4. Materials and Methods

4.1. Clinical Samples

We retrospectively included all NG-positive NAAT samples (n = 198) of patients, regardless of Cq value, who were also submitted to routine culture for NG between January 2017 and September 2018 from our STI clinic (South Limburg Public Health Service). Two samples were missing, resulting in 196 NG positive NAAT samples, consisting of 102 male urine samples, 22 vaginal swabs, 56 anorectal swabs and 16 oropharyngeal swabs. After the initial NAAT test (Roche Cobas 4800, Woerden, The Netherlands) 1 mL of urine or COBAS medium was stored at −20 °C until genotyping. Original NG NAAT testing was not repeated after thawing of samples because the Cobas medium used retains viable DNA well over prolonged storage [21].

Routine culture was successful in 115/196 samples, while 81/196 samples were culture-negative. All samples were taken at the STI clinic South Limburg, and either urine or sterile swabs were collected. The sterile cotton swabs were placed in Stuart medium (Thermo Fisher, Bleiswijk, The Netherlands) for transport. Samples were transported to the laboratory daily at room temperature. These samples were inoculated on GC lect agar (Beckton Dickinson, Vianen, the Netherlands) and were placed in a CO² incubator (5% CO²) at 37 °C for 48 h. Plates were checked daily for growth, and suspected colonies were identified using MALDI-TOF (Biomerieux, Amersfoort, the Netherlands).

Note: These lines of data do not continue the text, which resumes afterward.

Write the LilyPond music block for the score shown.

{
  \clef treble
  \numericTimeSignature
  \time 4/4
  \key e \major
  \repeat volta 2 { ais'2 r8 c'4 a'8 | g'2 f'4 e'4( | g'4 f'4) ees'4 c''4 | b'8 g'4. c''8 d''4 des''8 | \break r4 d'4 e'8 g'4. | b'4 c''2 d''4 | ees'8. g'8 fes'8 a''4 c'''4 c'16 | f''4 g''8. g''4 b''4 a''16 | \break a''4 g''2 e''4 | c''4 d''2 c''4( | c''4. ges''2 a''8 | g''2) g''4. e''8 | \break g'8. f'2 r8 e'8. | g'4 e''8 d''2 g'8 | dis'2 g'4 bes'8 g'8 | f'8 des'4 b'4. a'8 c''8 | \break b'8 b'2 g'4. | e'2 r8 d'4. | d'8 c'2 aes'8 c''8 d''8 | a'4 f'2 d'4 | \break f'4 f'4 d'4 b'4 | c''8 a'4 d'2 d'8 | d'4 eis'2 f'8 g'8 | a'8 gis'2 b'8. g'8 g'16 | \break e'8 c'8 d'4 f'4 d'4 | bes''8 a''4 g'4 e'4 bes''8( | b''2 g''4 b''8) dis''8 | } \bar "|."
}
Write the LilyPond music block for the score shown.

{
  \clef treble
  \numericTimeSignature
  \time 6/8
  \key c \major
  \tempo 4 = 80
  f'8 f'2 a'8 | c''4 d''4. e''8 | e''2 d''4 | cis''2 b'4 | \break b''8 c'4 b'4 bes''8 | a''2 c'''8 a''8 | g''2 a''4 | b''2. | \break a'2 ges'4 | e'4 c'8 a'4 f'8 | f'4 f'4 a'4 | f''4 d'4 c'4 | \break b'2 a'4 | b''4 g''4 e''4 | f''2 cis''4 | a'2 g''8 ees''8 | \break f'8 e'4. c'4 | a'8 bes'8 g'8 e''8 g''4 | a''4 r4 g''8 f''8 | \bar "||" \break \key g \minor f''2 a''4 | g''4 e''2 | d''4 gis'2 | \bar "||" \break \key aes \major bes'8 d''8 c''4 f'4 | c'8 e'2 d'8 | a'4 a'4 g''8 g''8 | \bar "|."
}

4.2. Culture-Independent Genotyping

Culture-free NG-MAST was used as the culture-independent genotyping method in this study and was performed according to the specifications of van der Veer et al. [14]. Additionally, all samples that failed the first genotyping attempt (n = 36) were repeated using touchdown PCR to increase the sensitivity [15]. If they failed the touchdown PCR, the NAAT samples were defined as a genotyping failure. Afterwards the same precipitation and Sanger sequencing method was used as described by van der Veer et al. [14].

4.3. Data Analysis

As cultures were performed as part of the routine diagnostic procedures, these were not repeated in this study to avoid bias due to freeze–thaw cycles. To compare the culture-dependent and independent surveillance, we assumed that the previously positive cultures would have a typing rate of 100%. Furthermore, we assumed that the ST found with culture-free NG MAST would match with the culture because the genetic material in the samples remained the same, independent of the method, as van der Veer et al. demonstrated in a small set of paired samples [14].

Bionumerics (version 7.6, Applied Maths, Sint-Martens-Latem, Belgium) was used to edit and trim the Sanger sequence data as previously described [14]. The online curated NG-MAST database was used to call alleles and STs. If sequence data were not sufficient to determine an allele because ambiguity and multiple different porB or tbpB sequences were present, the sample was defined as mixed infection. However, samples were regarded as successfully genotyped if one different allele was more prominent, leading to allele calling by Bionumerics. Afterwards, a phylogenetic tree was constructed of the concatenated porB and tbpB sequences using multiple sequence alignment and the unweighted pair group method with the arithmetic mean. We defined genogroups as having ≥5 samples, which had 1 identical allele, while the other was at least 99% identical, as this grouping correlates to closely related strains and leads to more robust analysis [8,22]. Using the phylogenetic tree, genogroups and STs were compared between the culture-positive and culture-negative samples. Chi-square tests were used to analyse differences between the culture-positive and culture-negative groups. The Mann–Whitney U-test was used to compare Cq-values between typed and failed samples. Statistical analysis was performed using SPSS 25 (IBM, Armonk, NY, USA).